Recorded information:
Content starts
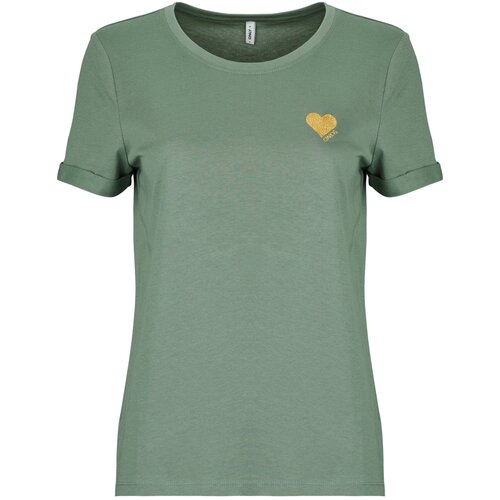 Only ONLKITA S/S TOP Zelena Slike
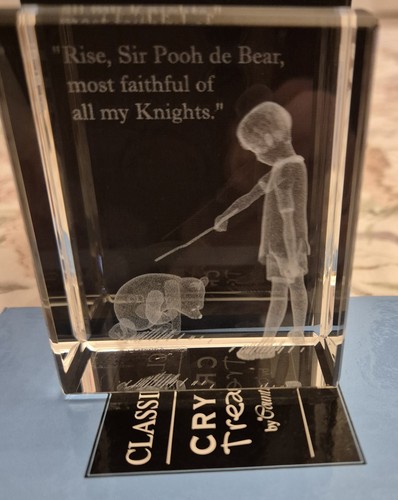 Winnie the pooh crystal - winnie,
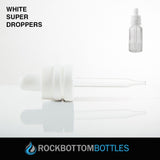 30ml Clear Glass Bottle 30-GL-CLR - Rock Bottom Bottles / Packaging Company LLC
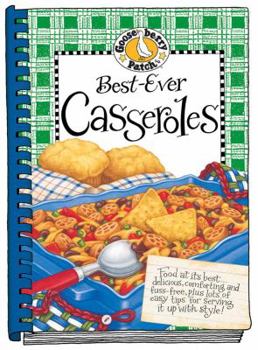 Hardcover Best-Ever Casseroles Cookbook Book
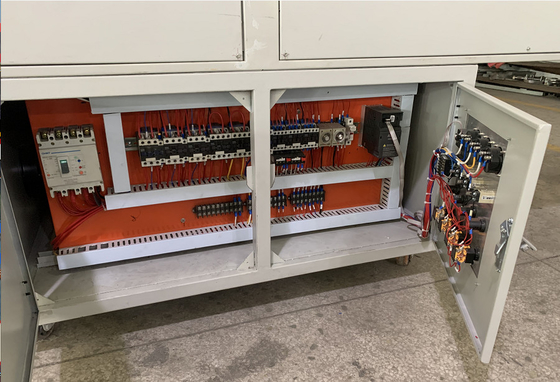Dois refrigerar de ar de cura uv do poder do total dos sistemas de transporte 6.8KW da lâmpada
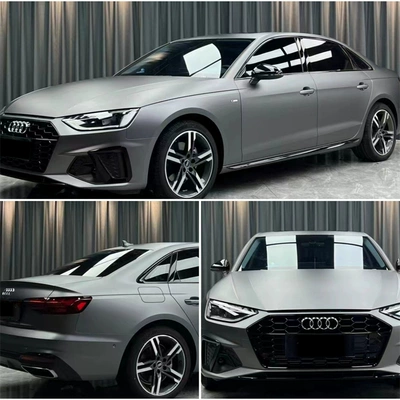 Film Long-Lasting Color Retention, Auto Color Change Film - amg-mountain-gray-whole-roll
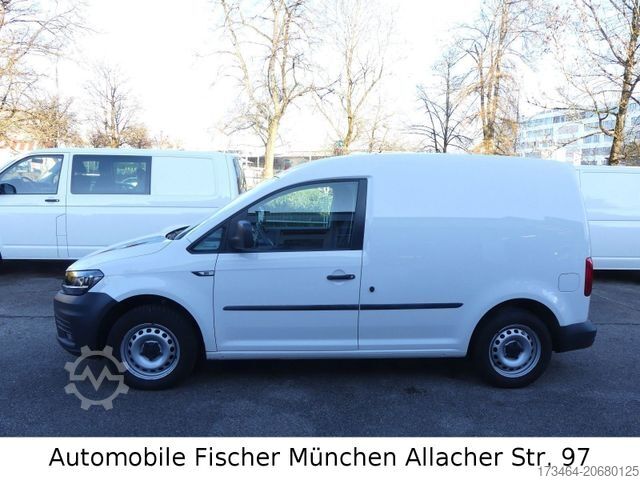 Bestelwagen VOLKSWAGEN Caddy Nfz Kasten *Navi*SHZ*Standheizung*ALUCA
Content ends
Content starts
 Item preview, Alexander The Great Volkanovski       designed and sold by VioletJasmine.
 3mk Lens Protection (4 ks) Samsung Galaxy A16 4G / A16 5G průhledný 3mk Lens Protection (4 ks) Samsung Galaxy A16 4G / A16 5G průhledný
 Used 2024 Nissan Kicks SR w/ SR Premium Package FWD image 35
Content ends
Exercise directions: Set down again, exactly, every line above from the one with "Hardcover Best-Ever Casseroles Cookbook Book" down to the one with "Bestelwagen VOLKSWAGEN Caddy", both ends included. No pictures, and nothing else.

Task output:
 Hardcover Best-Ever Casseroles Cookbook Book
Dois refrigerar de ar de cura uv do poder do total dos sistemas de transporte 6.8KW da lâmpada
 Film Long-Lasting Color Retention, Auto Color Change Film - amg-mountain-gray-whole-roll
 Bestelwagen VOLKSWAGEN Caddy Nfz Kasten *Navi*SHZ*Standheizung*ALUCA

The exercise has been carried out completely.